En cet instant extraordinaire, devant ce rite sacramentel, unique, solennel, définitif, nous nous demandons tous encore une fois : qu’est-ce que le baptême ? Que signifie-t-il ?

Vous savez tout. Toute chose vous a été enseignée et expliquée. Mais le sacrement du baptême est une réalité, c’est un mystère tellement grand, tellement important, tellement profond, que nous devrons toujours, et spécialement en ce jour béni, interroger notre conscience : qu’est-ce que le baptême à notre esprit.

Saurez-vous toujours vous rappeler ce qui se réalise maintenant, cette nouveauté, ce mystère ?

Pour le moment, pensons à ceci : y a-t-il, tout au long de votre vie, un instant plus important, plus décisif que celui-ci ? Non : il est unique !

Et y a-t-il, dans les événements de votre vie, un fait plus beau, plus heureux que celui-ci ? Non : c’est le fait le plus merveilleux de votre existence ! A quoi nous servirait d’être nés à la vie naturelle, enseigne Saint Ambroise, si nous n’avions eu la chance de renaître, par le baptême, à la vie surnaturelle ?

De nombreux enseignements vous ont été donnés au sujet de cet événement : la foi, la grâce, la renaissance à une vie pure et innocente, l’Eglise, la prière nouvelle... Comment résumer tout cela en un seul mot, en une seule formule ? Eh bien ! vous vous souviendrez de tout cela grâce à une expression qui récapitule tout l’essentiel : vous êtes devenus chrétiens ! C’est Saint Paul qui nous répète son expression favorite : avec le Christ.
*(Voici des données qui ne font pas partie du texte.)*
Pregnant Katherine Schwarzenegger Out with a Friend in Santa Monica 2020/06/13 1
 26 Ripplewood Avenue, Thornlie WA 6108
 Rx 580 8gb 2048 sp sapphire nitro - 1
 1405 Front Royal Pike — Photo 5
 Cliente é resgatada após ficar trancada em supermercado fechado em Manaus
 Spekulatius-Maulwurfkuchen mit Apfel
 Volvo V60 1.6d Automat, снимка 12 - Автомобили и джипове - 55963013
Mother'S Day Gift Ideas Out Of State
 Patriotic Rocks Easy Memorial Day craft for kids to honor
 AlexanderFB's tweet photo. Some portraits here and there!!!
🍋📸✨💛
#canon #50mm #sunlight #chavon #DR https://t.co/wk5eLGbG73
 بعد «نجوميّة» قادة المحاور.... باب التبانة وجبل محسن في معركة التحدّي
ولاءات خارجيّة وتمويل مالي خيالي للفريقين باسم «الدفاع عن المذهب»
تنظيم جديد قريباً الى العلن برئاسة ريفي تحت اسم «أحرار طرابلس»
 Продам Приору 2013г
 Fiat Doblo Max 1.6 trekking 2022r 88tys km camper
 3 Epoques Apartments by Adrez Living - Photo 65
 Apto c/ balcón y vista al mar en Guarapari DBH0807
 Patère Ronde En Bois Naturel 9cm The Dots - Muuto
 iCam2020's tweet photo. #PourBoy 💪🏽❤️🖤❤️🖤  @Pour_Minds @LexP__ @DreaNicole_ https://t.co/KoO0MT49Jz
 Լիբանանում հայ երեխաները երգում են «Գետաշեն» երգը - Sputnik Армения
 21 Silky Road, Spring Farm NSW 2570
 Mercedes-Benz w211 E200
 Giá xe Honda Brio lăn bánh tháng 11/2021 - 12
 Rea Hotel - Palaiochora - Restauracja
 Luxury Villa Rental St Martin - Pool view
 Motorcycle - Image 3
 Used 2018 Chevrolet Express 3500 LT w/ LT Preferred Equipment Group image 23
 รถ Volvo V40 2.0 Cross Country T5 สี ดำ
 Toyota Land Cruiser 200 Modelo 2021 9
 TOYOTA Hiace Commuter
Avec le Christ, vous avez été ensevelis, par le baptême ; avec le Christ, vous êtes ressuscites (
Rm 6,4 Col 2,12) ; votre vie est associée à la sienne (Ga 3,27), et alors vous ne formez plus avec Lui qu’une seule chose, qu’un seul corps, le Corps mystique du Christ, qui s’appelle l’Eglise (1Co 12,12 ss.).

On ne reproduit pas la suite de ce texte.